Four hundred of the cakes will be distributed to 200 eateries prior to July Fourth, said Anne Readette, spokeswoman for the Office of Highway Safety Planning, a division of the Michigan State Police.

“We’re doing this to draw attention to Fourth of July drunk driving enforcement,” Readette said.

“We want people to be safe and make responsible decisions.”

No joke: The company behind the product is Wizmark, a Crownsville, Md., outfit that bills itself as the only company in the world to produce interactive urinal cakes. Some sing and flash lights.

(Please resist the urge to envision a cake screaming: “I’m melting, I’m melting.”)

Actually the cakes offer a message that is short, sweet and entirely nonjudgmental: “Listen up. That’s right, I’m talking to you. Had a few drinks? Maybe a few too many?

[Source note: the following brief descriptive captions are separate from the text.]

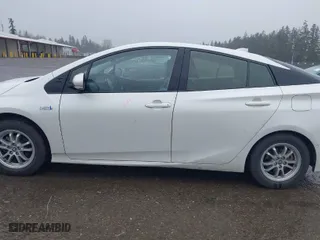 2017 Toyota Prius Prime Plus with VIN JTDKARFP6H3067887, listed as a IAAI auction lot 42008798 with 63,261 mi miles. Bid and sale history available at carsss.com. Image 15.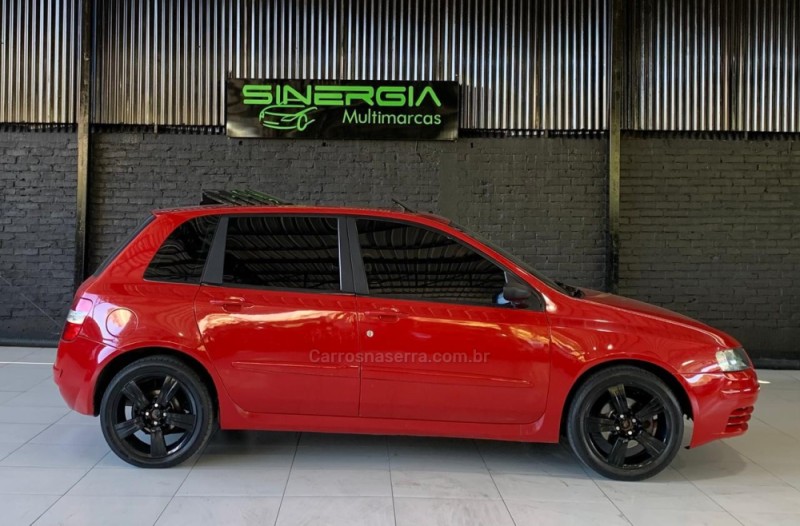 STILO 1.8 MPI CONNECT 16V GASOLINA 4P MANUAL - 2004 - CAXIAS DO SUL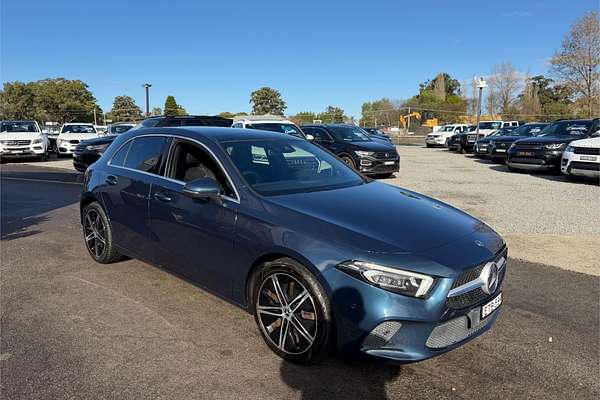 2019 Mercedes-Benz A-Class A250 W177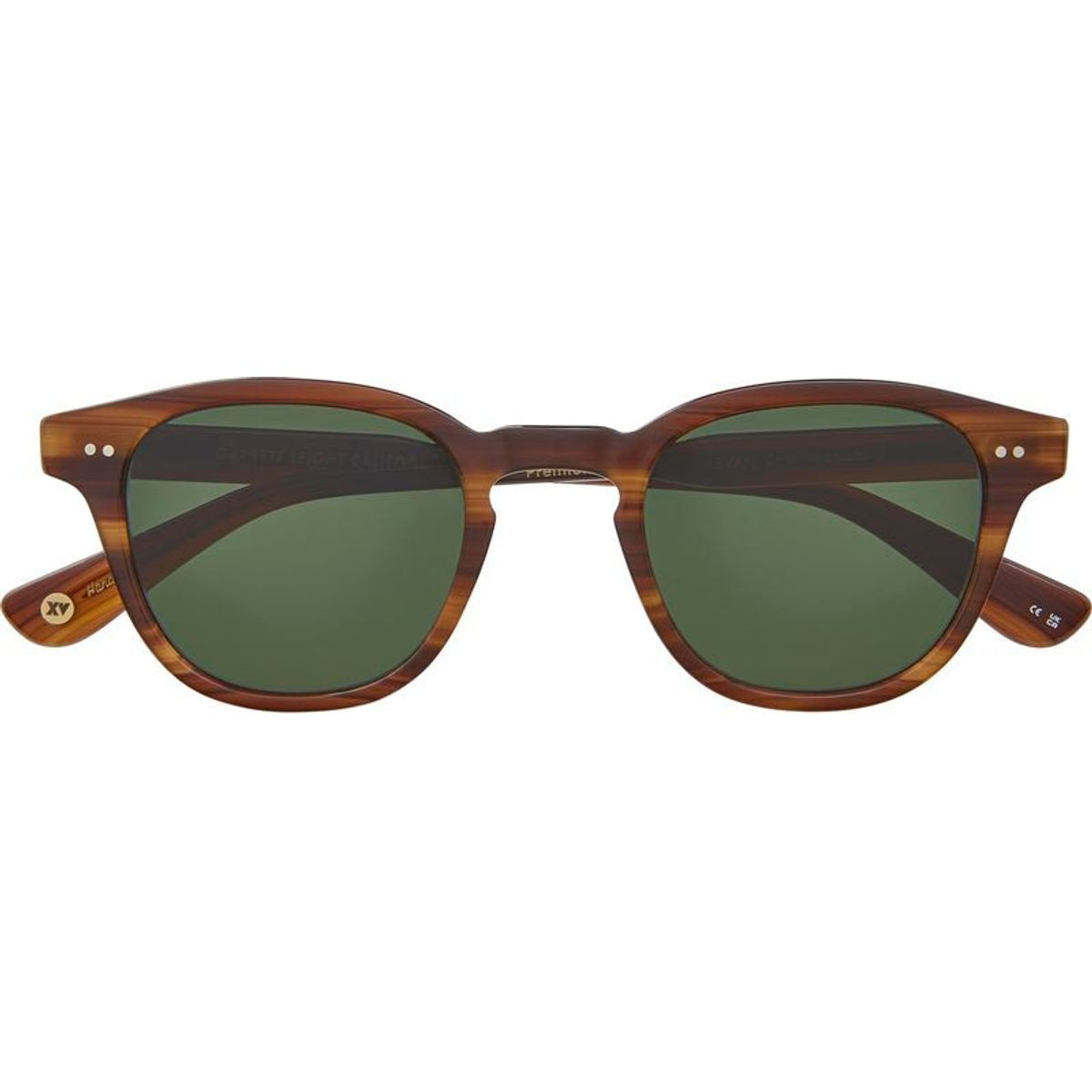 Evan, Cherry Wood/Semi-Flat Pure G15 Lenses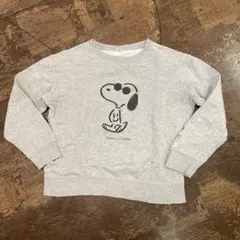 UNIQLO スヌーピー トレーナー 130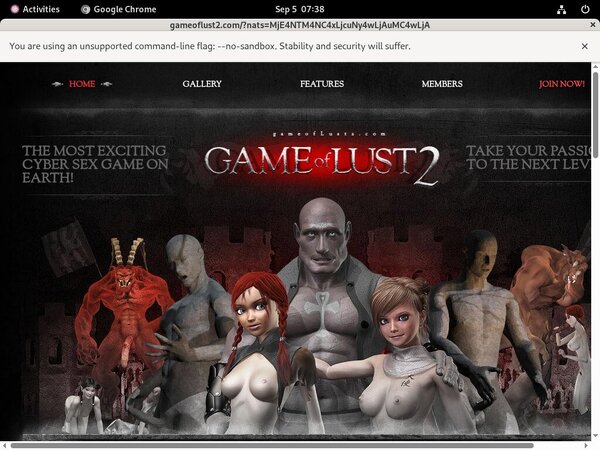 Game Of Lust 2 Discount Prices Game Of Lust 2 Discount Prices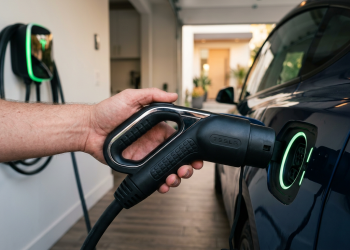 Inglaterra, Alemanha e Suécia começam a proibir a entrega de casas novas sem tomadas de alta potência na garagem e preparam os bairros para frota 100% elétrica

“Then do yourself and everyone else a favor: Call a sober friend or a cab. Oh, and don’t forget to wash your hands.”

In a way the cakes, which are activate by motion and not moisture, are a brilliant move due to “Guy Rules,” the unwritten but unalterable codes that guide men’s social behavior for every event in life.

Really, really high on the list is that dudes never, ever look or talk to the guy on either side of the urinal.

Guys are limited to looking down or staring straight ahead (never up, if you’re really hammered you might fall over backward, which would break another important GR.)

The state also took into account that the last stop most guys make before leaving a bar is to the men’s room.

The cakes run about $21 each, last for about three months (man, that is a lot of rain) with the tab picked up by federal traffic safety funds.

First prediction: Somebody, somewhere will inevitably reach in and (ewwww) steal one of the cakes.

Second prediction: You won’t find this in any “Pure Michigan” advertisement.